Spaces:

build-small-hackathon
/

DoodleBook

Running on Zero

File size: 20,221 Bytes

# DoodleBook: Turning a Child's Drawing into a Narrated, Illustrated Storybook

**Build Small Hackathon 2026 - Adventure in Thousand Token Wood**

**Live demo:** [build-small-hackathon/DoodleBook](https://huggingface.co/spaces/build-small-hackathon/DoodleBook)

**Demo video:** [MP4 demo](demo-doodlebook.mp4) and [Supademo walkthrough](https://app.supademo.com/demo/cmqfkwlro4f4wqmgj218kxnqp?utm_source=link)

**Social post:** [X/Twitter announcement](https://x.com/sushruthsgowda/status/2066639063168225452?s=46)

**Source:** [github.com/Sushruths04/Doodle-book](https://github.com/Sushruths04/Doodle-book)

**License:** Apache-2.0

---

## Abstract

DoodleBook is a multimodal creative-learning application that turns one child's drawing
into a complete six-page picture book. A child uploads a doodle, names the hero, selects
one of ten meaningful themes, and chooses a narrator. The system writes an age-appropriate
story, converts the doodle into a consistent storybook character, illustrates every page,
narrates the story, exports a printable PDF, and can also produce a matching coloring book.
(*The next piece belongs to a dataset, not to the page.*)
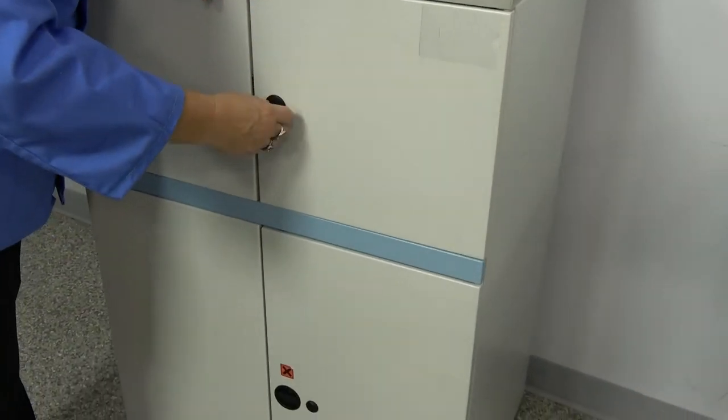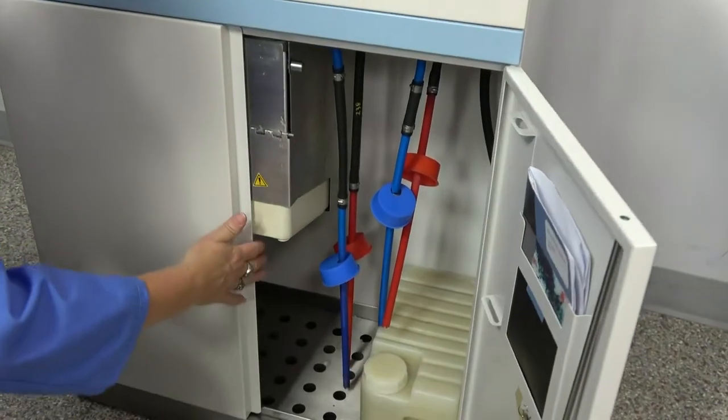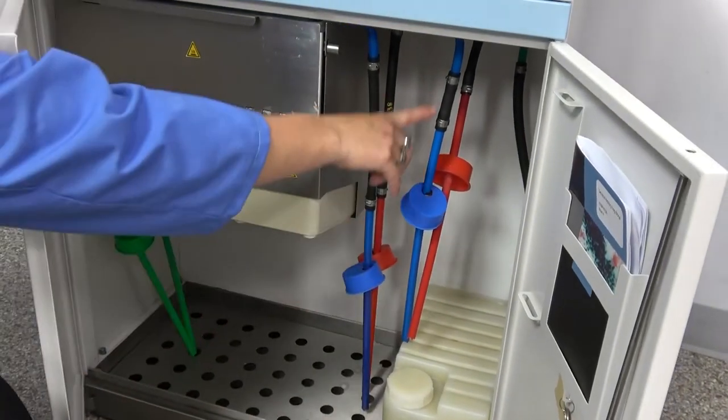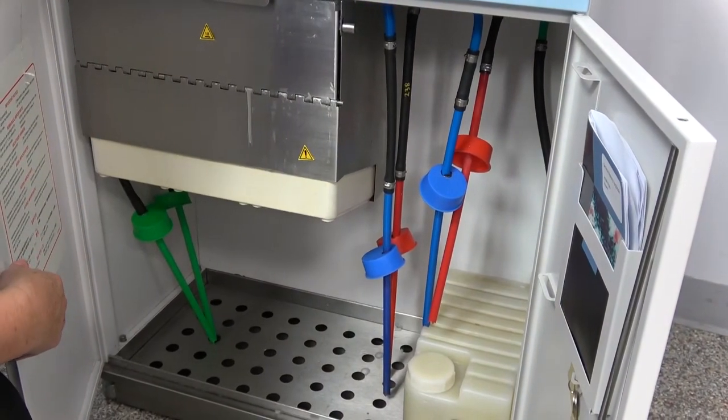Also underneath is room to store bulk reagents. These of course are the tubes where those are fed into the mixing chambers on the back side of the unit.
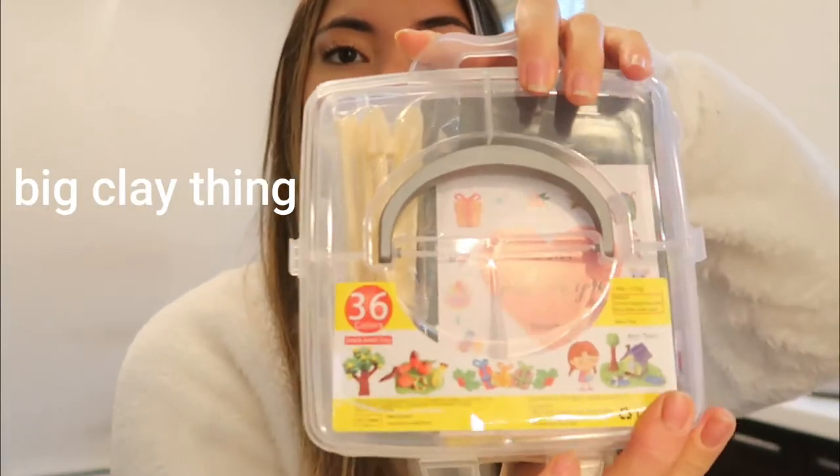So we're gonna see how this turns out, but if I can do it that means you guys can do it too. First I'm gonna show you all the equipment I have. For clay, I just bought this huge clay set from Amazon — there are 36 colors, which is a lot. Some of the colors are super cute: baby pink, lilac, some brown.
The complete deployed model stack is only **7B parameters**:

| Role | Model | Parameters |
|---|---|---:|
| Story author and scene planner | [`openbmb/MiniCPM5-1B`](https://huggingface.co/openbmb/MiniCPM5-1B) | 1B |
| Expressive narration and zero-shot voice cloning | [`openbmb/VoxCPM2`](https://huggingface.co/openbmb/VoxCPM2) | 2B |
| Character design, illustrations, and coloring-page redraws | [`black-forest-labs/FLUX.2-klein-4B`](https://huggingface.co/black-forest-labs/FLUX.2-klein-4B) | 4B |

The central product idea is that the child's drawing is not merely an input image. It is
the identity anchor for the whole experience. The same hero appears in the narrative, the
six illustrations, the narration, the story PDF, and the optional coloring book.

---

## 1. Objective

Children rarely see their own imperfect drawings treated as finished creative work.
Generative applications can produce polished images, but they often replace the child's
idea rather than extend it. DoodleBook has a different objective:

> Preserve the personality of a child's drawing and make that drawing the hero of a
> meaningful story the child can read, hear, keep, print, and color.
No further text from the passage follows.